Check 5: SAN coverage verification¶
Command/method:
# List all SANs in the current certificate
echo | openssl s_client -connect example.com:443 2>/dev/null \
| openssl x509 -noout -text | grep -A5 "Subject Alternative Name"
# Compare with what's in the cert-manager Certificate spec
kubectl get certificate myapp-tls -n production \
-o jsonpath='{.spec.dnsNames[*]}'
# Check for recently added virtual hosts / subdomains
kubectl get ingress -n production \
-o jsonpath='{range .items[*]}{.spec.rules[*].host}{"\n"}{end}' | sort -u
api.example.com was added to an ingress but not to the certificate's dnsNames, that subdomain will fail TLS.
Common pitfall: Wildcard certs (*.example.com) do NOT cover the apex domain (example.com). If both are needed, both must be listed explicitly.
Terminal Actions¶
✅ Action: Emergency Renewal (expired or < 24 hours)¶
Do:
# 1. Generate a new certificate immediately (manual path)
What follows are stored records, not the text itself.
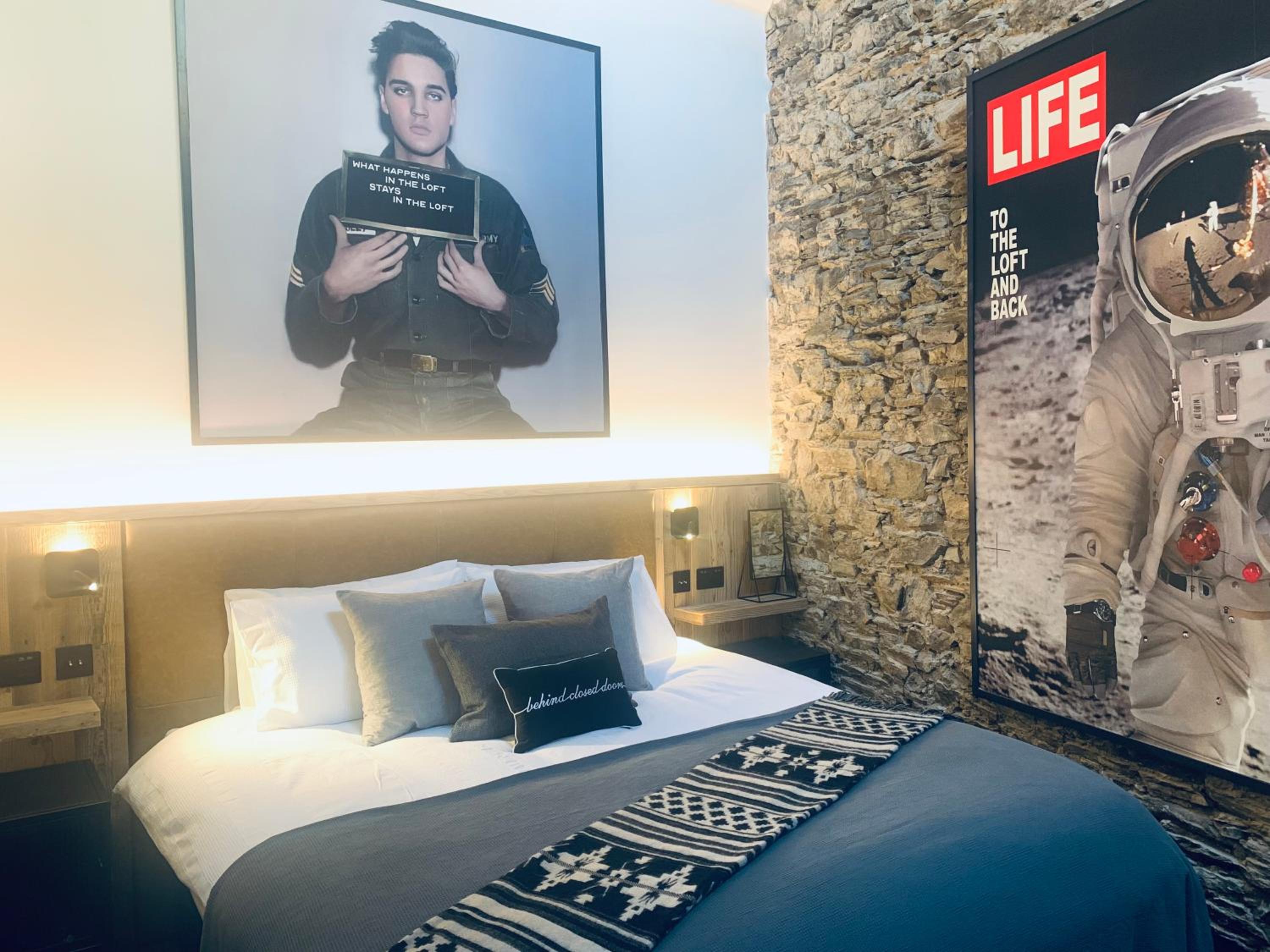 Loft 11 Stunning LUXURY NYC Loft Style Interior Designed 2BD Apartment EXCELLENT CITY CENTRE LOCATION Mezzanine Cinema Room Designer Furniture AMAZING SPAC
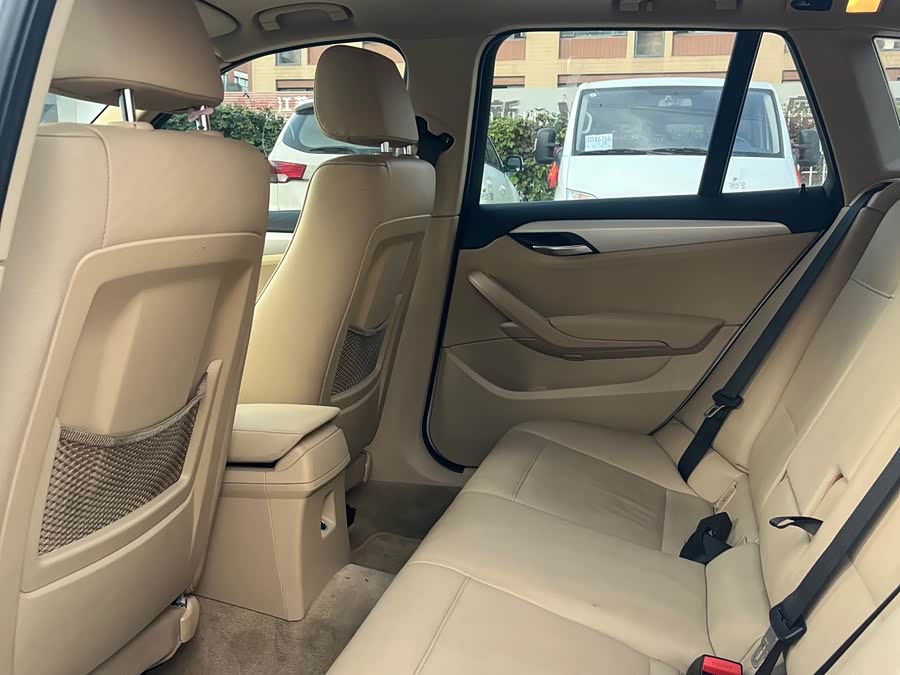 BMW X1 (Imported) 2012 imagem de carro #11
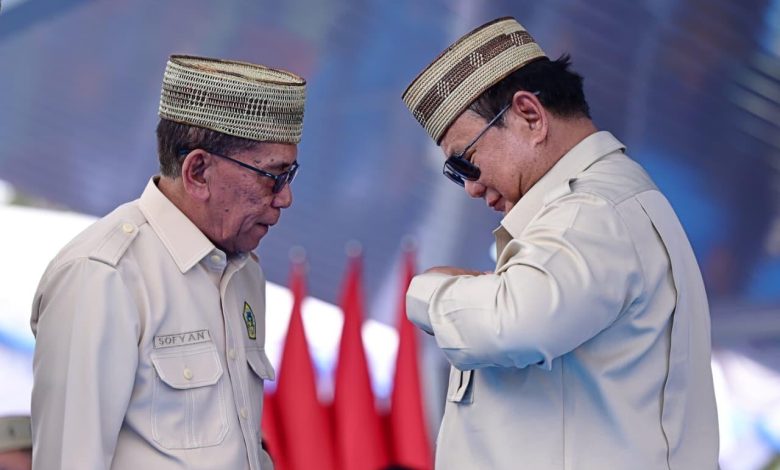 Presiden Prabowo terima lencana. (setneg.go.id)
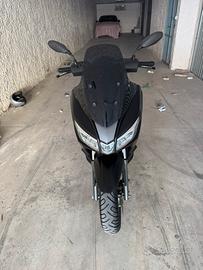 aprlia sxr 50  sport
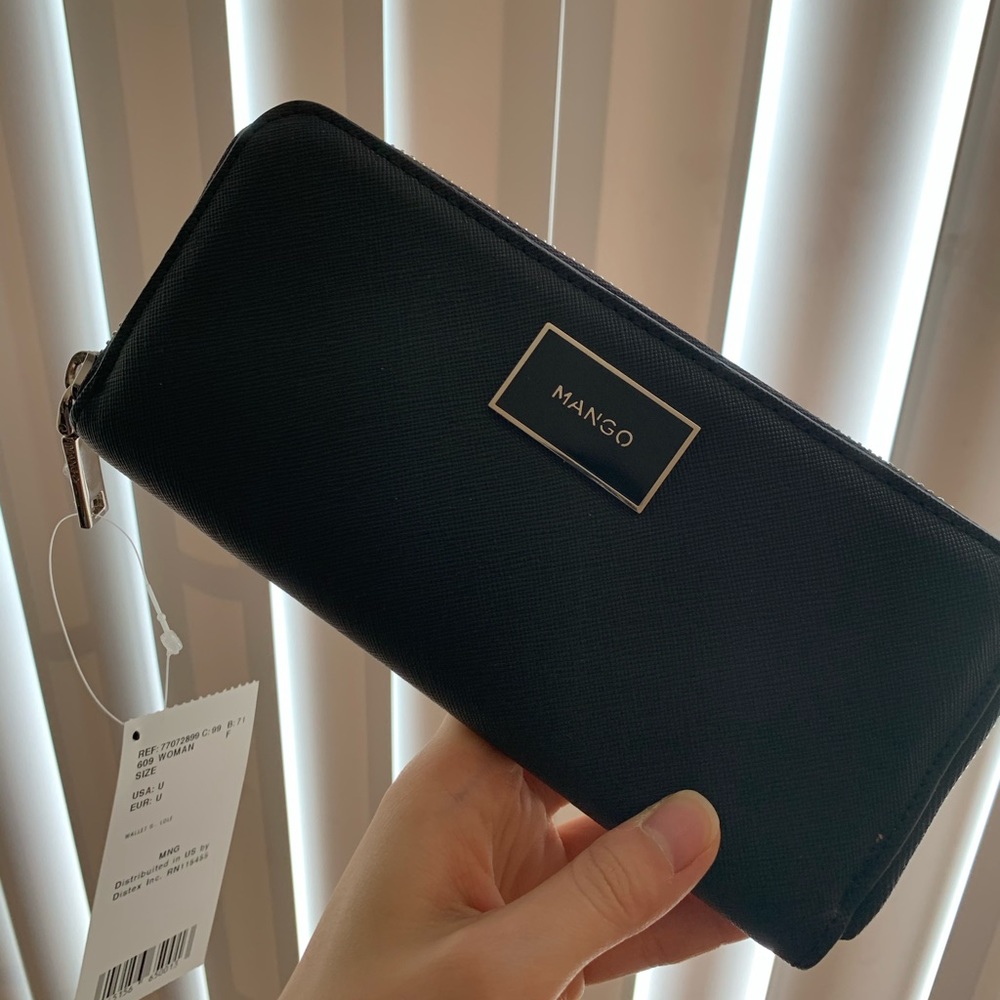 Mango Wallet (black)
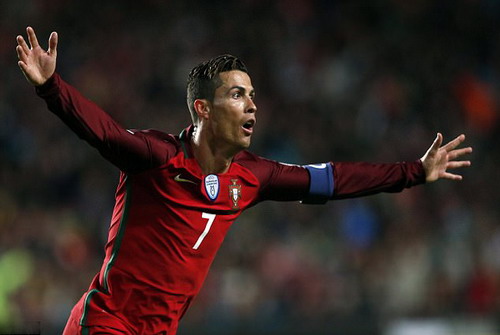 Ronaldo vui mừng sau bàn thắng thứ 70 cho Bồ Đào Nha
# For Let's Encrypt via certbot (standalone mode — temporary HTTP server)
certbot certonly --standalone \
-d example.com \
--email admin@example.com \
--agree-tos \
--non-interactive
# 2. Update Kubernetes Secret with new cert
kubectl create secret tls myapp-tls \
--cert=/etc/letsencrypt/live/example.com/fullchain.pem \
--key=/etc/letsencrypt/live/example.com/privkey.pem \
-n production \
--dry-run=client -o yaml | kubectl apply -f -
# 3. Roll pods to pick up new cert (if mounted as Secret volume)
kubectl rollout restart deployment/myapp -n production
# 4. Verify new cert is live
echo | openssl s_client -connect example.com:443 2>/dev/null | openssl x509 -noout -dates
# 5. Page on-call if not already handling — this was an incident
notAfter date is in the future, TLS handshake completes without errors, browser shows valid cert.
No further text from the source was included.